Revamped FIRB processes
In response to the greater demands on the system, FIRB and its supporting bureaucracy significantly revamped their processes, drafted in extra resources and introduced new streamlined exemption certificates. To FIRB’s credit, by the last quarter of the 2020 calendar year, review times for most applications had come down to more normal levels, and the government was responsive in particular on international deals that had hard 31 December closing deadlines.
Notwithstanding this, parties in many global deals took advantage of “warehousing” transactions (where Australian subsidiaries of global targets would be temporarily sold to Australian buyers) in order to ensure their global deals could complete by year end.
1 January 2021 changes and guidance
The government’s increasingly expansive views on national security have been evident for some time through the foreign investment review process. If there was any doubt that national security was the key focus, the government announced midway through 2020 that FATA would receive a significant overhaul. The centrepiece of which was the introduction (effective 1 January 2021) of new regulated actions and new powers on the part of the Treasurer relating to national security risks.
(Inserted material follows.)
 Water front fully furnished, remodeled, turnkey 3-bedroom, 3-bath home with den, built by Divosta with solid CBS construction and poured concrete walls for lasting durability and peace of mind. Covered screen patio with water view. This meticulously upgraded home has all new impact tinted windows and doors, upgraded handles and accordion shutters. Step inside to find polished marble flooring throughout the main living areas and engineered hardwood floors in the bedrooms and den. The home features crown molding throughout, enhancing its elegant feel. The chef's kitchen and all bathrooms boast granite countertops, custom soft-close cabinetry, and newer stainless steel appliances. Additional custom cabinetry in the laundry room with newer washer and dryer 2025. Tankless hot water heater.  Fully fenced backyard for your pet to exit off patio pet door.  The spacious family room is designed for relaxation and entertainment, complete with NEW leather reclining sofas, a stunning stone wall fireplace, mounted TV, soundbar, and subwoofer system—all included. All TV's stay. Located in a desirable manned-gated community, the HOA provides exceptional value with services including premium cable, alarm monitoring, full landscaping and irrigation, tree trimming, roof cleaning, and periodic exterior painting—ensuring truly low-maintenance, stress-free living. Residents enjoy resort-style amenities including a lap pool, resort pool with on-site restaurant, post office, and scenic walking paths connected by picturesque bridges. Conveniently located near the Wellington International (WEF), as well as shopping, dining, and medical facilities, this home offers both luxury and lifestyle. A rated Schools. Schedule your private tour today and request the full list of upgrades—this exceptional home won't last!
While the zero monetary threshold was scrapped as of 1 January 2021 and the thresholds returned to the usual levels, the changes to the law and FIRB focus mean ongoing scrutiny of foreign investment transactions will continue to be intense.
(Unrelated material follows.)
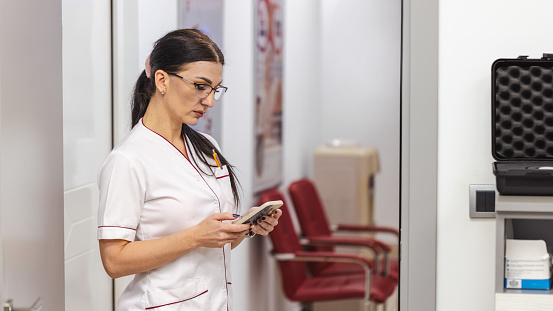 At the modern ENT clinic, female Caucasian nurse use app on mobile phone, to adjust and prepare medical instrument and equipments for an medical exam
From a national security perspective, these amendments give the Treasurer the power to:
- block, divest or impose conditions in relation to “notifiable national security actions” if the Treasurer considers them to be contrary to national security – this broadly covers a foreign person starting a national security business, acquiring an interest of 10% or more (and in some cases less than 10%) of a national security business or acquiring an interest in national security land and can capture offshore entities even when there is no Australian subsidiary;
- “call in” for review a broad range of transactions (including ones that are not otherwise caught by FATA) for a period of 10 years after completion, in order to determine if they are contrary to national security; and
- re-review previously approved transactions, if the Treasurer becomes aware that the application was misleading or that changed circumstances may give rise to national security risks.
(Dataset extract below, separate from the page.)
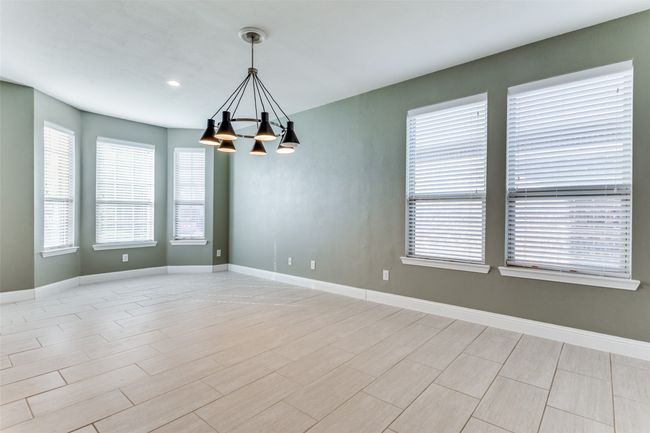 Spare room with a notable chandelier | Image 6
In conjunction with these amendments, the government released a guidance note (see FIRB National Security Test) relating to national security risks. The note provided detailed and unusually candid sectoral guidance on national security risks across a number of sectors, including banking and financial services, communications, commercial construction, commercial real estate, critical minerals, critical service providers and suppliers, critical technologies, defence providers, education, energy, health, information technology, nuclear power, space and transport.
With the benefit of that guidance, the recent Probuild decision, where the government effectively rejected the acquisition of Probuild by China State Construction Engineering Corporation is perhaps not particularly surprising (noting the transaction will not show up as a rejection in official statistics, as the acquirer withdrew the application before a rejection could be issued). The real question for 2021 will be the extent to which any companies are able to successfully navigate the national security review in these sectors. It is to be expected that some kinds of acquirers are likely to be seen as posing more security risk than others.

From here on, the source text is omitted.